We have had a wide-ranging debate, and I shall attempt to draw together the key themes and settle one or two issues. The myth that the Home Secretary and other Ministers have, in some way, attacked the integrity of individual police officers or the role that they play has been propagated once again in the debate. However, when we talk about public services, we must be able to talk about the overall performance of a service and where it can be improved, without that being interpreted as an attack on the individuals in the service. If we cannot draw that distinction, reform of any public service will be difficult. We support the front-line officers in the police service and the support staff. That is why we want to ensure that they get a better pay deal, but—like hon. Members on both sides of the House—we recognise the need for reform.

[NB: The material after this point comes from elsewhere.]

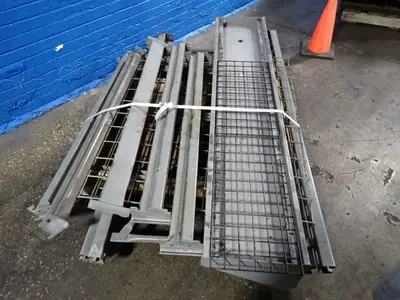 37" X 32" X 72" Wire Shelving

Many hon. Members mentioned police numbers. The decline in police numbers in London was set in train under the previous Administration in 1991–92 and across the service in England and Wales in 1993. We could not reverse that immediately on coming to power because we had to sort out the economy and the public finances first. We have now reversed that decline and, from everything that has been said in the debate, hon. Members on both sides recognise that we were right to establish the crime fighting fund and to earmark resources for increases in the number of police officers. It is clear that hon. Members wish us to continue that work, through the right mechanisms, in the future.

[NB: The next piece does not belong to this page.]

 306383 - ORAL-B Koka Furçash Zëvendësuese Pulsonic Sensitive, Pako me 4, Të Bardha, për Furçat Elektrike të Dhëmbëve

It is understandable that people want us to continue to build on the increases in the number of officers that we have already announced, but we should also remember that next year we will have 130,000 officers. If, over the next few years, 43 per cent. of their time is still spent in the police station—much of it on unnecessary paperwork and bureaucracy—we will be wasting the opportunity to have more officers out on the streets delivering the service that the public want to see. They want officers patrolling the community and to see intelligently led, intelligently tasked and problem-solving community policing. That is why reform must go ahead. It will be a big investment to have 130,000 police officers, as we will have next year in England and Wales, and we must make the best use of the time of every single one so that they can be where the public want to see them.

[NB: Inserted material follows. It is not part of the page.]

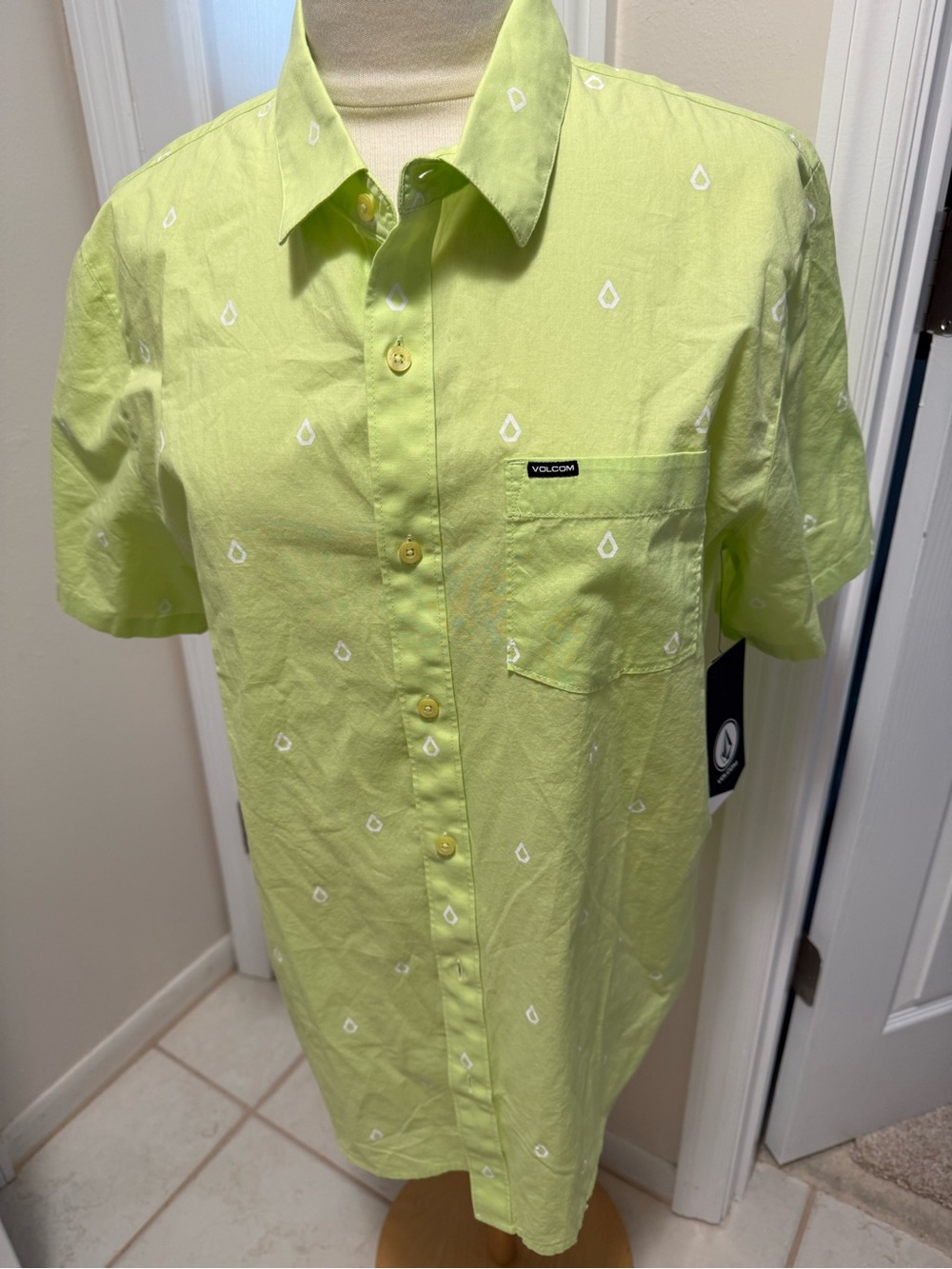Volcom Men’s Lime Green Short-Sleeve Button-Down Shirt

I was struck by how much consensus was expressed in the debate about the nature and direction of reform. However, hon. Members raised several issues of concern. It is worth saying that the Police Federation supports the new intervention powers in clause 5 of the Police Reform Bill—in contradiction of the comments by the hon. Member for South-East Cambridgeshire (Mr. Paice)—so even within the police service there are different views. To hear some hon. Members today one might think that I was personally responsible for shutting their local police stations. Such decisions are operational decisions for chief constables and the new powers will not mean that Ministers will take individual responsibility for police stations. The fact is that when all other methods of ensuring that a good police service is delivered have failed, we need to have the power to act. That power will be exercised at the end of all the other chains of responsibility, including the chief constable and the police authority. However, in such circumstances we would be expected to act and we need to have the power to do so.

The hon. Member for Lewes (Norman Baker) mentioned clause 7. We need to have in place, in every police service, key parts of policing such as the national intelligence model. We can consider how the legislation is framed, but it does not make sense to have the collective policing effort undermined by a handful of forces that decide to take a different direction.

We have had a good debate, with great consensus about the need for reform and its direction, the need for more officers and the need to see more police officers and community support officers in local communities. That is what the Government are delivering.

It being half-past Two o'clock, the motion for the Adjournment of the House lapsed, without Question put.